Het wetsvoorstel bevat een aantal onderdelen. Zo worden er aanpassingen doorgevoerd in de regels rondom het winstuitkeringsverbod en wordt het mogelijk om voorwaarden te verbinden aan het uitkeren van winst. Daarnaast worden er twee wettelijke normen geïntroduceerd: één ter voorkoming van negatieve gevolgen van tegenstrijdige belangen en één ter waarborging van het hanteren van normale marktvoorwaarden bij van betekenis zijnde transacties. Ook worden er extra weigerings- en intrekkingsgronden wat betreft de Wtza-vergunning vastgelegd.
In een gezamenlijke reactie op een internetconsultatie over het wetsvoorstel Wibz hebben de eerstelijnsorganisaties (KNOV, KNMT, LHV, NVM, LVVP, KNMP, NVvP, ONT en KNGF) hun zorgen en kanttekeningen geuit:
- De voorgestelde wijzigingen in de Wmg en Wtza, die gericht zijn op het borgen van integere bedrijfsvoering, gaan voor eerstelijnszorgaanbieders te ver. Ook is het grootste deel van de verplichtingen niet uitvoerbaar voor de eerstelijnszorgaanbieders.
- In de eerstelijnszorg komt nauwelijks fraude voor. De Eerstelijnscoalitie heeft dat al vaker benadrukt. Dit blijkt herhaaldelijk uit rapporten en onderzoeken. Uit het meest recente rapport van het Informatie Knooppunt Zorgfraude (IKZ) blijkt opnieuw dat fraude voornamelijk binnen andere sectoren voorkomt.
- Het winstuitkeringsverbod in het wetsvoorstel kan niet los worden gezien van de tegenstrijdige belangregelingen en voorschriften voor het hanteren van normale marktvoorwaarden.
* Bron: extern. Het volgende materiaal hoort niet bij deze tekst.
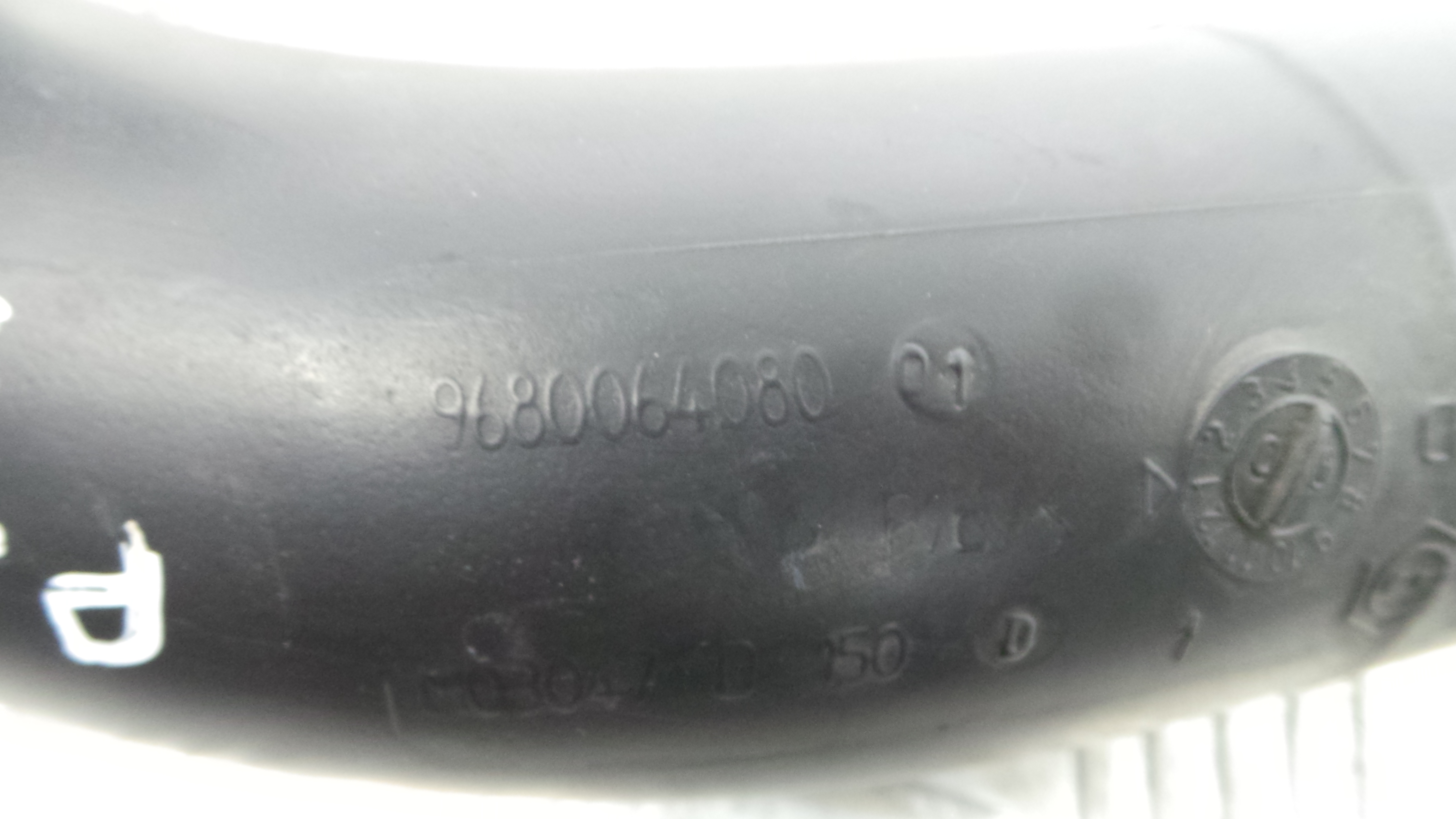 Tubo Caixa Filtro Ar 9680064080 - PEUGEOT 207 (WA_, WC_), 207/207+ (WA_, WC_)-36552480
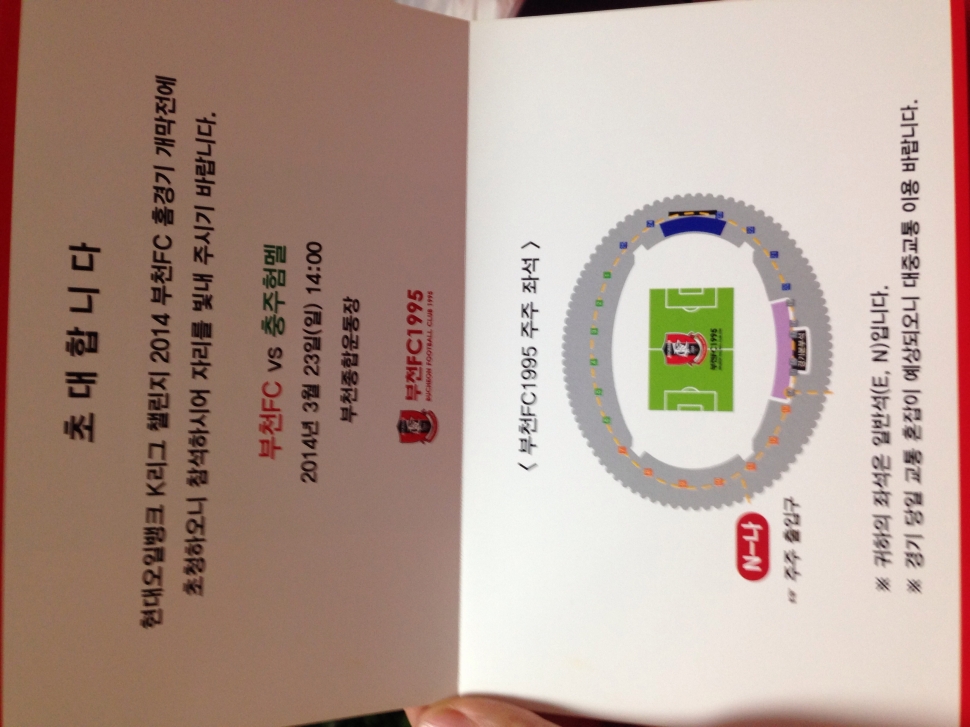 image.jpg : 오늘 왔네요 @'_'@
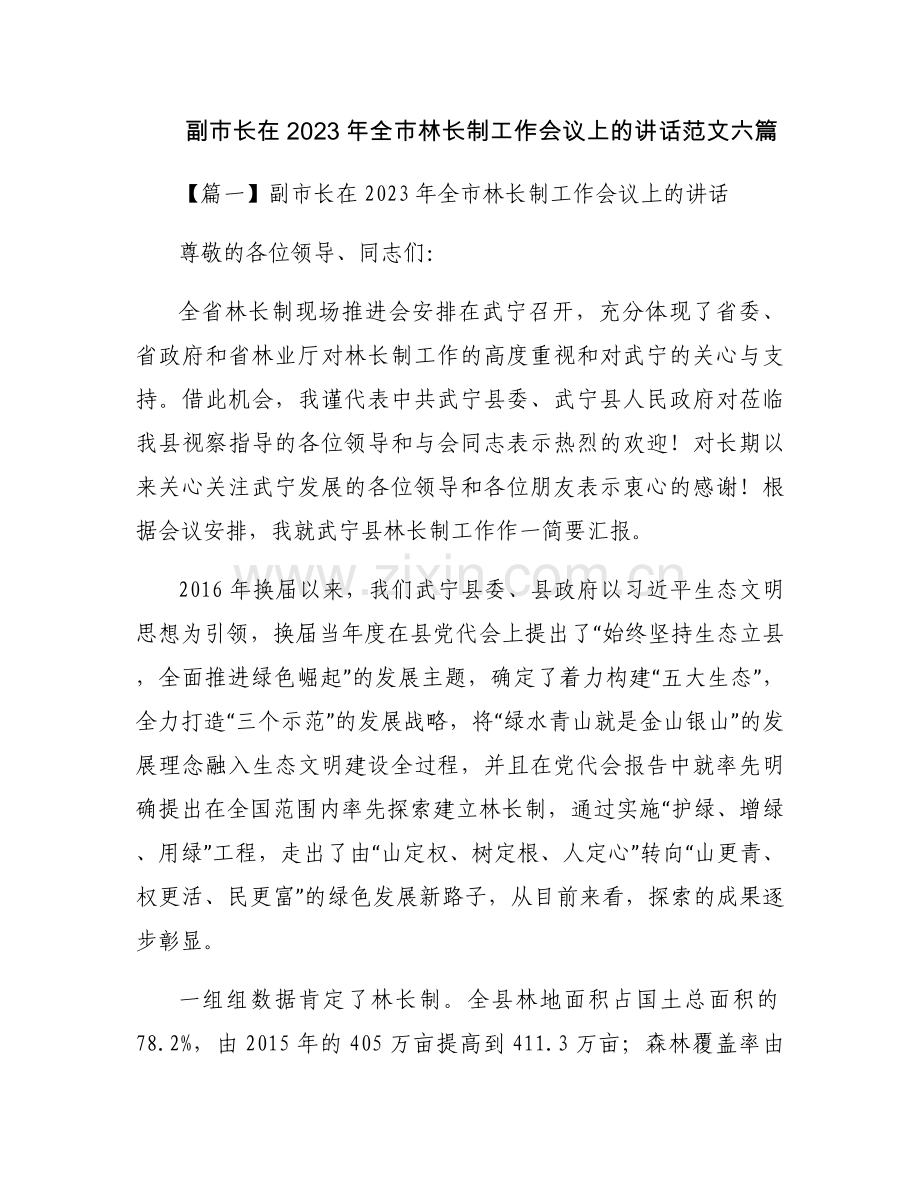 副市长在2023年全市林长制工作会议上的讲话范文六篇.docx_第1页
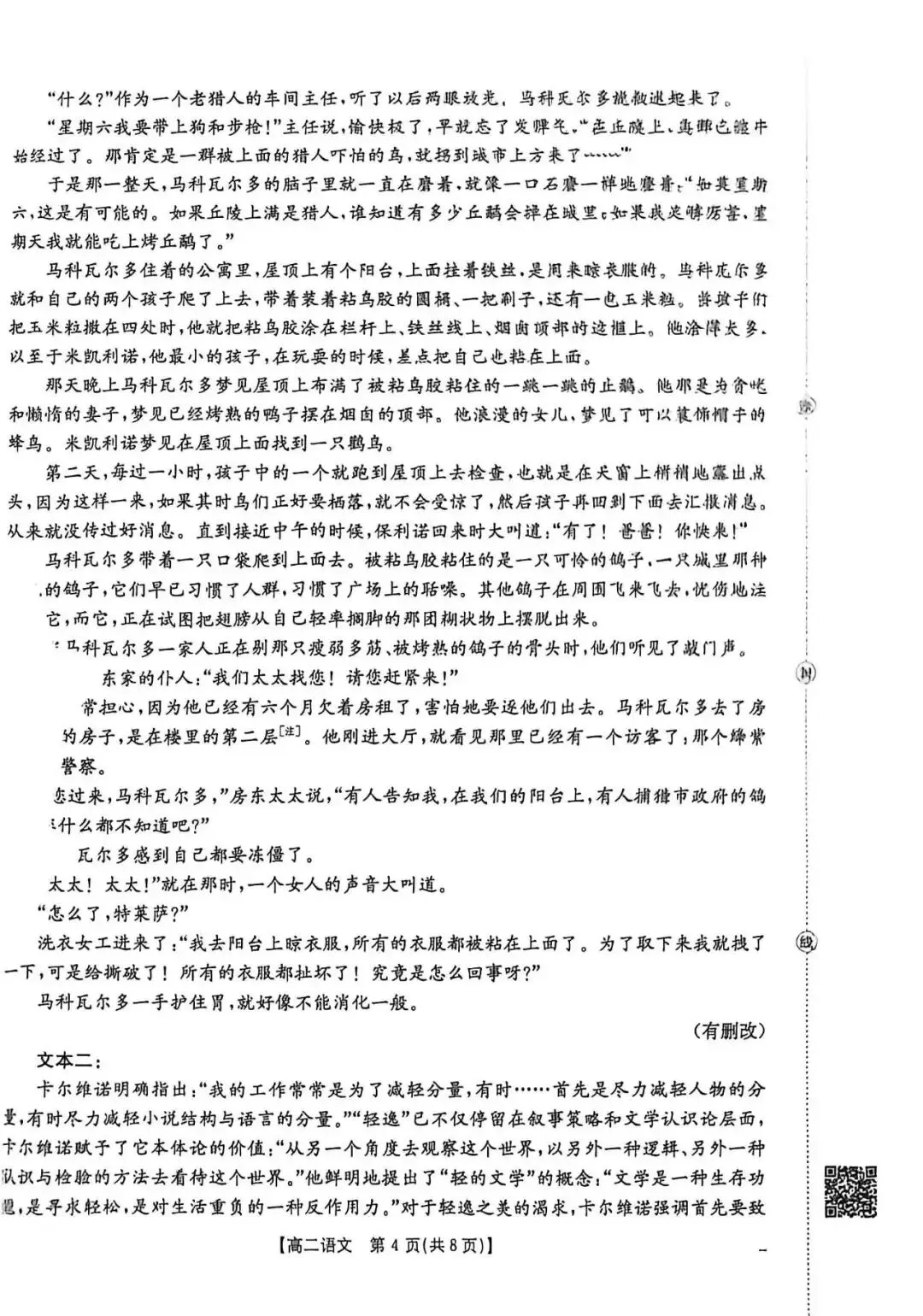 【试卷更新】湖南高二金太阳5月联考语文试题及答案!汇总 第4张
- Nu de eerstelijnszorg niet valt onder het winstuitkeringsverbod, fraude zich aantoonbaar in voornoemde sectoren nauwelijks voordoet en toezichthouders en zorgverzekeraars reeds beschikken over afdoende instrumentarium en grondslagen om sanctionerend op te treden, is het ondoelmatig en disproportioneel om deze verplichtingen op te leggen aan de gehele zorgsector.
- Los hiervan, leidt de optelsom van de vele nieuwe op fraude gerichte wetgeving tot disproportionele administratieve lastenverzwaring. Deze verzwaring is in strijd met het uitgangspunt van vermindering van de regeldruk (en het Programma (Ont)regel de zorg). Daarom vindt de Eerstelijnscoalitie het noodzakelijk dat ook de Wibz grondig wordt getoetst door het Adviescollege Toetsing Regeldruk (ATR).
De kritiek van de eerstelijnsorganisaties op de Wibz richt zich in het bijzonder ook op het voornemen om de tegenstrijdige belangregeling die geldt voor bestuurders van bv's ook van toepassing te verklaren op zorgaanbieders die alleen of in samenwerking persoonlijk eigenaar zijn van hun praktijk. Het van toepassing verklaren van de tegenstrijdige belangregeling voor eigenaren en personenvennootschappen is onbegrijpelijk en maakt het uitoefenen van een eigen praktijk complexer dan nodig. Dit draagt in onze ogen niet bij aan het door de overheid geformuleerde doel van de Wibz.
Wat is het proces?
Het ministerie van VWS verzamelt momenteel via de internetconsultatie reacties op het concept wetsvoorstel en zal het voorstel zo mogelijk aanpassen. De ambtenaren van VWS gaan wellicht nader in gesprek. Als het concept wetsvoorstel gereed is, gaat het daarna naar de Raad van State voor advies. Na advies van de Raad van State wordt het wetsvoorstel inclusief het advies naar de Tweede Kamer gestuurd. Dit hele traject zal maanden duren.